Issues with Volume Usage (disk usage)

So far I have installed the agent on 20 windows machines and all of them report all additional metrics except for the the disk usage.  In high through put and data intensive solutions this is one of the most important metrics. After ours of trouble shooting and browsing of documentation and forums I realized that I'm not the only one having the problem but no one had a good solution for it.  I then noticed that the download link for windows in the install instructions was named stackdriverInstaller-GCM-17.exe while the latest I could find directly from Stackdriver was stackdriverInstaller-39.exe. This leads me to believe that the versioned linked from the install instructions are outdated.

The GCM branded one is an automatic install, no input needed. The one downloaded from Stackdriver needs the API key to install. I couldn't find a good download page on the Stackdriver homepage but after Googling found a Support Center entry linking to their repo. At the same time this entry is from April 21st 2015 it seems to be outdated. I did however try different version numbers on the download link and 39 seems to be the latest one. Anyhow it's much never then 17 at least, but as stated in the Google install instructions their is no way to check the current version of the Stackdriver agent currently installed on windows.

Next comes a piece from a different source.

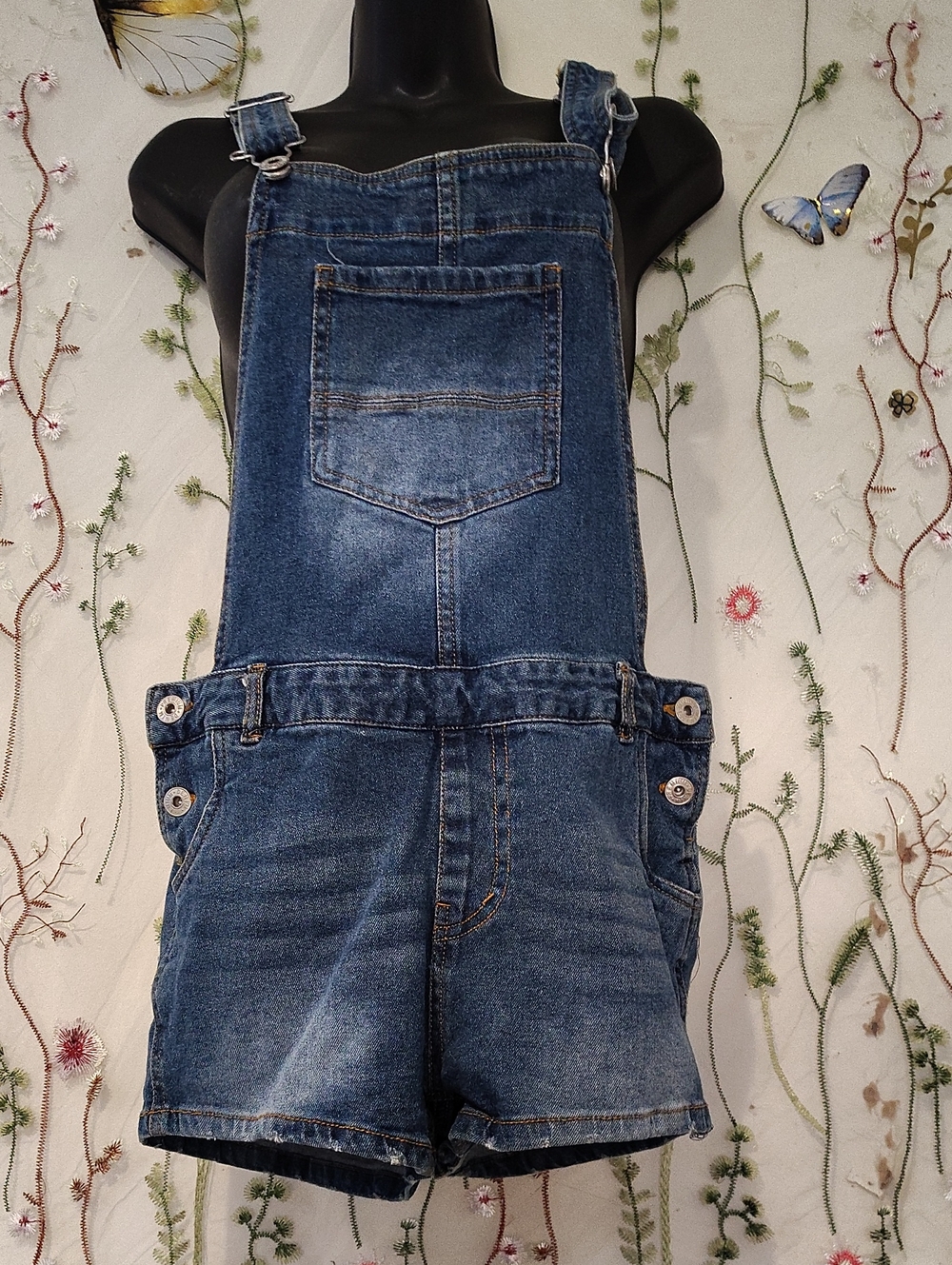 Love Tree Denim Short Overalls in Medium Blue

Enough about that! This install requires you to input your Stackdriver API key. If you open up the Stackdriver web-ui via the link in the Google Cloud Console and go under "Account settings" and "Agent" you will find it there. Account settings are found under the project dropdown next to the Stackdriver logo in the top left corner of the UI. Just copy the "Key" and past it into the install wizard.

Dashboards and filtering

Now you can create dashboards with different metric charts to get a good overview of your system. The charts can be filtered on resource name via regex. So far I have not been able to filter out specific drive letters. In the view, as well as the underlying JSON, the data is in the format of {instance name}(C:) for example. So a regex like ^.*\(C:\) should match all C:\ drives but it doesn't work. It's not a big issue but there is a few improvements that I hope will come shortly. We have to remember that at this point Stackdriver functionality comes to Google Cloud as beta and does not have any SLA at all.